2ヶ月前にがん診療拠点病院から紹介となった男性患者さん。家で死にたい、と我がホスピスでの療養を希望された。

当ホスピスは訪問診療、往診、在宅看取りを手掛けている。でも、皆がみな、在宅看取りまで辿り着けるわけではない。
患者さん本人が不安になったり、ご家族が不安になったりして、やはりホスピスで診て欲しい、という場合もある。
なので、元気なうちに4泊5日の体験入院をして貰い、その後に訪問診療を開始することとしている。もちろん、不安になったらいつでも再入院できるよう体制は整えてある。

退院後1ヶ月は通院されていた。2週間前、私の再診外来の日、朝に出掛けようとしたが、ベッドから立ち上がれず、訪問診療開始となった。
昨日午前、妻から「2日前から内服が難しくなっている。」と連絡があり、「モルヒネの持続注射を開始しましょう。」と話した。
しかし、「先生が前に話してくれたように、尿毒症なのかウトウトしています。苦しむようならまた連絡します」と。

そして、今朝、旅立たれた、との連絡があった。
妻が「昨日、夜10時頃にパッと眼を開けて、おれはもういくよ、と言ったんです。

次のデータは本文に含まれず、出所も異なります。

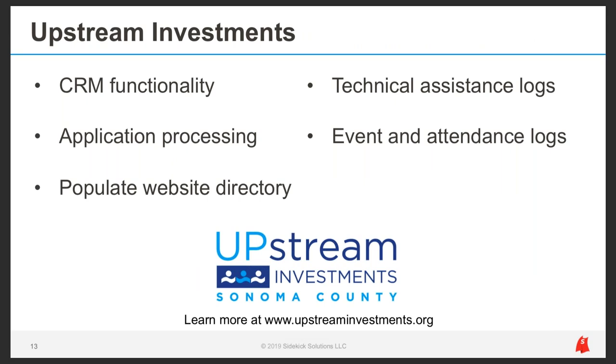FY&C is only one of multiple programs we operate in Apricot. Upstream Investments is another — a team within PRE that maintains a public directory of evidence-based programs called the portfolio. Upstream advocates for evidence-based practices, provides training, technical assistance, and relationship building, primarily using Apricot as a constituent relationship management system. They process applications, track outreach activities, log events and attendance, and also use Apricot to populate their searchable website directory, saving time and giving constituents access to portfolio data on the web.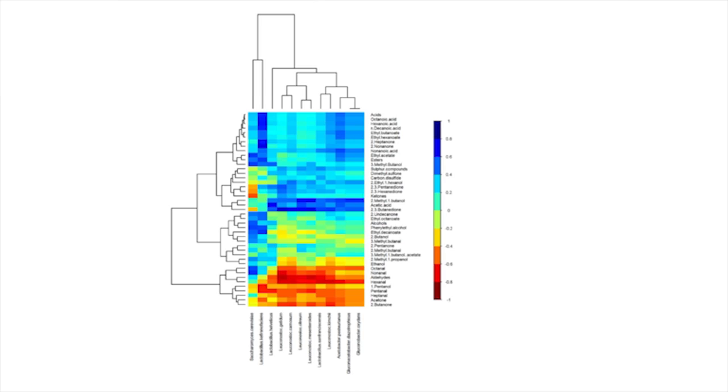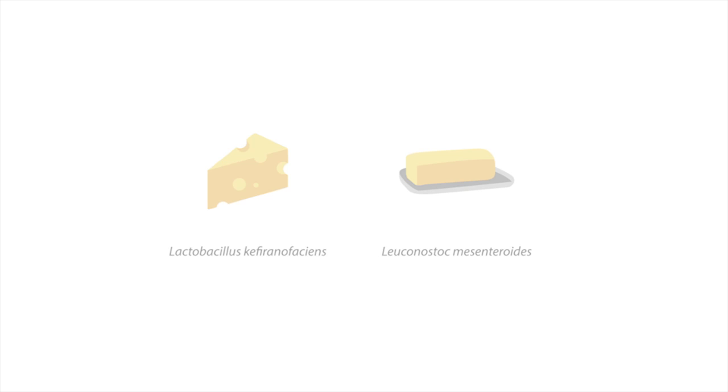We then decided to see if there was a link between the microbes present and the flavour compounds produced. GCMS analysis of our kefir samples showed that kefir with different microbial compositions had different volatile profiles, and we subsequently identified strong correlations between individual microbial species and volatile compounds. For example, Lactobacillus kefiranofaciens correlated with ketones associated with cheesy flavours, whereas Leuconostoc mesenteroides correlated with diones that are associated with buttery flavours. Thus, correlation analysis seemed to indicate a causal relationship between specific microbes and distinct flavour characteristics.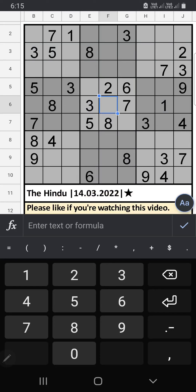Welcome to Eskeven Sudoku. Thank you for joining my channel and welcome to all new members. It helps my channel if you like my videos. I am going to solve Hindu Newspaper Sudoku Basal on March 14, 2022 — One Star Sudoku.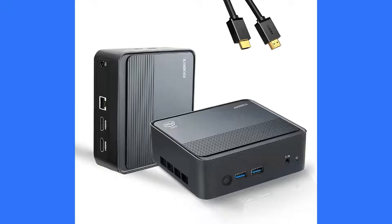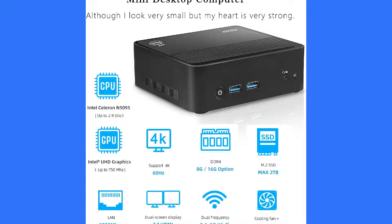The Kusmile Mini PC focuses on simplicity and efficiency. It comes with an Intel 5095 processor, 16GB of RAM, and a 512GB SSD expandable to 2TB. It's user-friendly and perfect for those new to mini PCs, offering adequate performance for basic computing.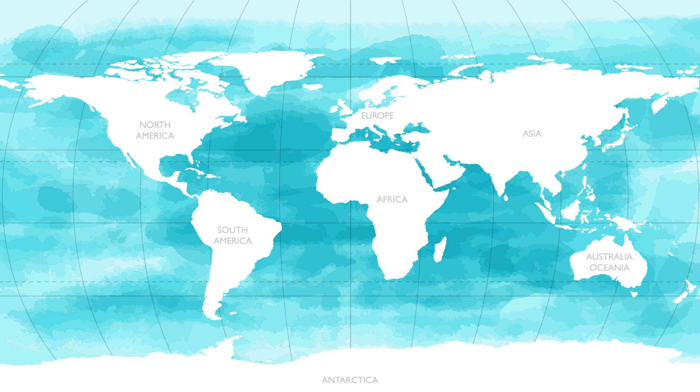Hey, Sprouts! Today we're taking a trip across the oceans. Around 71% of the Earth is covered in water. The major body of water is the ocean. The ocean is divided up into five major oceans: the Pacific Ocean, the Atlantic Ocean, the Indian Ocean, the Southern Ocean, and the Arctic Ocean. Let's learn more about the five oceans of the world.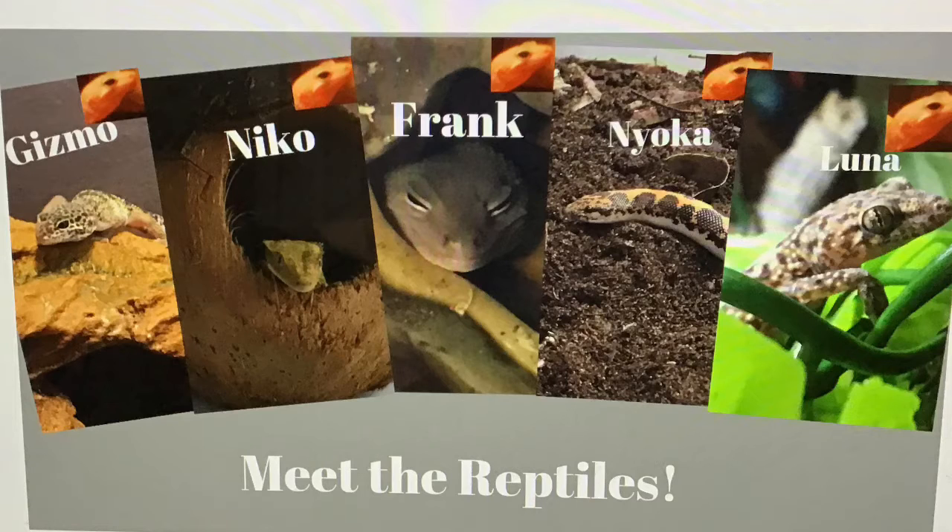Here's the original Hayden's Fish and Reptiles family photo: Gizmo, Niko, Frank, Naoka, and Luna. I made this before Luna escaped and before I got Lucy. But as the story goes, I got Lucy, and right after that Luna escaped. Apparently Luna didn't want the number of reptiles to be an even number — which is six — so she escaped and brought me down to five. Luna ran out and Lucy came in to replace her.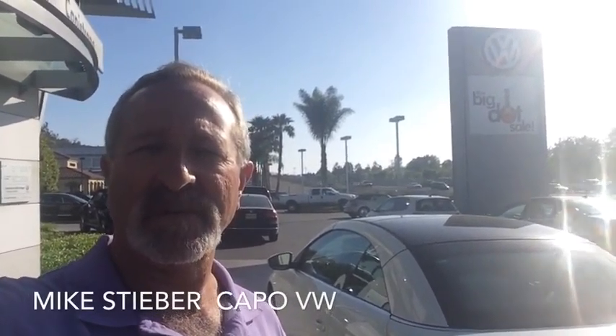Hi Vicki, my name is Mike Steber. I'm the internet manager over at Capistrano Volkswagen. I just thought I'd take a moment to introduce myself so you can put at least a face with a name, and I'm looking forward to helping you out in any way that I can.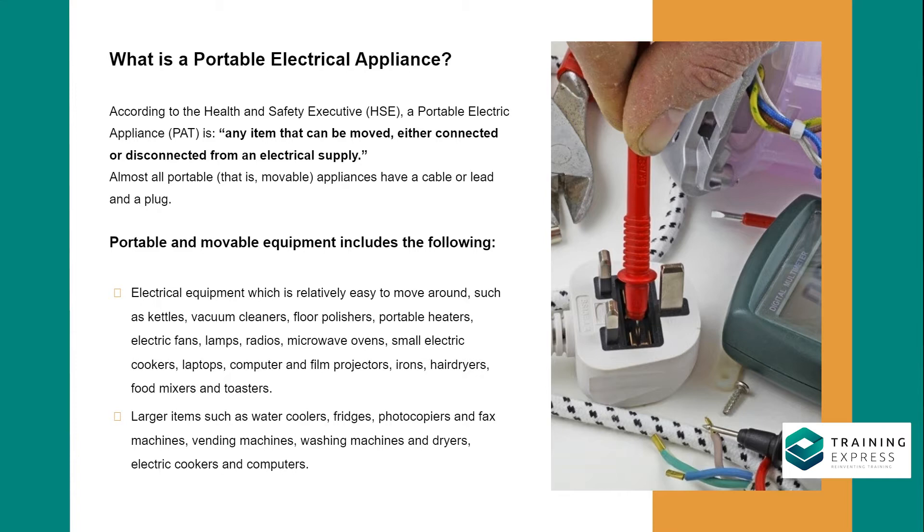Portable and movable equipment includes electrical equipment which is relatively easy to move around, such as kettles, vacuum cleaners, floor polishers, portable heaters, electric fans, lamps, radios, microwave ovens, small electric cookers, laptops, computers, film projectors, irons, hair dryers, food mixers, and toasters.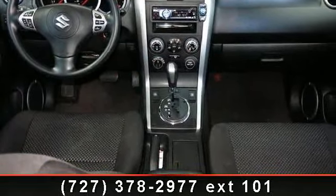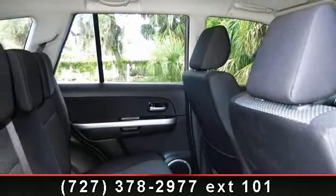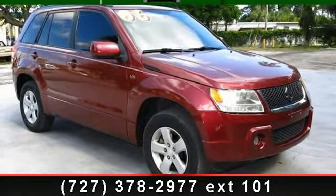Low mileage is an important factor in your purchase and this vehicle delivers a low odometer reading. Let us put you in the driver's seat today. Call or click to schedule a test drive.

」
それからまたウトウトしたので、家族も床についたらしい。
今朝4時ごろ、胸騒ぎとともに眼を覚ました妻。
隣の夫をみると息をしていなかったという。
息子たちも「お父さんは分かっていたんやなあ。お父さんらしいなあ、と思って。悲しむよりも先に感心してしまった。」と話してくれた。
聞けば、細かな予定をたて、必ず目的を果たす、有言実行型の人だったと。

人は生きてきたように死んでいく

今、看取ってきてこのブログを書いている。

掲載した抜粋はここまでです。